We need to process the image to get a numpy array compatible with our model. Here we simply loads it to an array, reshape it and use the preprocess_input method provided by Keras that ensures all the preprocessing steps are made for us.

In [None]:
# Convert to numpy array, reshape and preprocess
image = img_to_array(image_raw)
image = image.reshape((1, image.shape[0], image.shape[1], image.shape[2]))
image = preprocess_input(image)

Now that our image is ready, generate predictions by using `.predict` as usual.

In [None]:
predictions = model.predict(image)

You can check what labels your predictions correspond to by calling the function `decode_predictions` on your predictions. By default it returns the 5 more likely predictions

In [None]:
decode_predictions(predictions)

Great, we predicted a toucan with a probability of 99%, that's promising!

Remember that LIME needs the indices of the class we are interested in.

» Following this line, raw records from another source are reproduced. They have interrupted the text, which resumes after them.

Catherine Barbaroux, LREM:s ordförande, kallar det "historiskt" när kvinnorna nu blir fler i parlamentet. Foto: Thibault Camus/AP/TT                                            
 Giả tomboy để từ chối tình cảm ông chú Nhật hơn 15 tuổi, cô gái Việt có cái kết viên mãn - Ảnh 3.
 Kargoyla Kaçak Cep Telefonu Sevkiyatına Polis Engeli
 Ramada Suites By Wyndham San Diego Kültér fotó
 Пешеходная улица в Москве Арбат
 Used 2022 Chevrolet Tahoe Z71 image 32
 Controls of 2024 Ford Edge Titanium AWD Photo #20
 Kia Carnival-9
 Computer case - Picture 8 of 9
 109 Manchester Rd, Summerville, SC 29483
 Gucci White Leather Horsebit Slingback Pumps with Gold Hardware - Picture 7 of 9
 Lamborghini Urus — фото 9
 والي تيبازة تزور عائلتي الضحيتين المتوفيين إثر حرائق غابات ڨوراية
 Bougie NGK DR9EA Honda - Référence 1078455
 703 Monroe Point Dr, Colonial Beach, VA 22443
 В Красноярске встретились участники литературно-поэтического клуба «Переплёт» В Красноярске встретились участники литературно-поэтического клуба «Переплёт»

Execute the cell bellow to get the indices corresponding to the 5 most probably classes we predicted above. Those indices correspond to the classes used in the ImageNet dataset that was used to train our model.

In [None]:
model.predict(image).argsort()[0, -5:][::-1]

Here the toucan corresponds to index 96, the school bus to index 779, etc..

Let's get started. First import the `LimeImageExplainer` and instantiate a new explainer

In [None]:
from lime.lime_image import LimeImageExplainer

In [None]:
explainer = LimeImageExplainer()

The explainer is the same as before, we call `explain_instance` to generate a new explanation. We need to provide:
- our observation: here the first row of our numpy matrix (that has only one row since we only have one image)
- our predict function, we can simply use the one from our model here
- `top_labels` the number of classes to explain. Here our model generate probabilities for more than a 1000 classes (and we looked at the five first). We do not want LIME to generate local models to explain each of those classes. As lime is pretty slow with images, let's only ask for the explanation to our two main classes, toucan and school bus
- `num_samples`: the number of new datapoints to create to fit a linear model, let's set it to 1000

*WARNING*: that will be slow. 

In [None]:
explanation = explainer.explain_instance(image[0], model.predict, 
                                         top_labels=2, num_samples=1000,
                                         random_seed=42)

In [None]:
from skimage.segmentation import mark_boundaries
import matplotlib.pyplot as plt

First let's check the explanation for the predicted class `toucan`. That corresponds to label 96 in the ImageNet classes. We need to use the method `get_image_and_mask` on our explanation object with the following parameters:
- index of the class to explain. We'll start with the index of the main class predicted, that was 96
- positive_only: in order to show the part of the image that contribute positively to this class being selected
- num_features: number of superpixels to use. LIME breaks down our image into a set of superpixels, each containing several pixels. Those superpixels are equivalent to `features` in tabular data.
- hide_rest: to hide the rest of the image

That returns a new image and a mask as numpy arrays. You can then use `mark_boundaries` to show the image together with the mask.

In [None]:
temp, mask = explanation.get_image_and_mask(96, positive_only=True, num_features=5, hide_rest=True)
# plot image and mask together
plt.imshow(mark_boundaries(temp / 2 + 0.5, mask))

What feature do you expect to be the most important in that decision? Plot the image with only the main feature (`num_features=1`)

In [None]:
temp, mask = explanation.get_image_and_mask(96, positive_only=True, num_features=1, hide_rest=True)
plt.imshow(mark_boundaries(temp / 2 + 0.5, mask))

The second class predicted by our model was a bus (label 779), set `positive_only=False` in order to see what features contributed positively and negatively to that decision. What do you see?

In [None]:
temp, mask = explanation.get_image_and_mask(779, positive_only=False, num_features=8, hide_rest=True)
plt.imshow(mark_boundaries(temp / 2 + 0.5, mask))

Great, now you can try to change the number of features you're looking at and deactivate `positive_only` in order to see features that contribute negatively to the class. You can also look at other classes or try other pictures.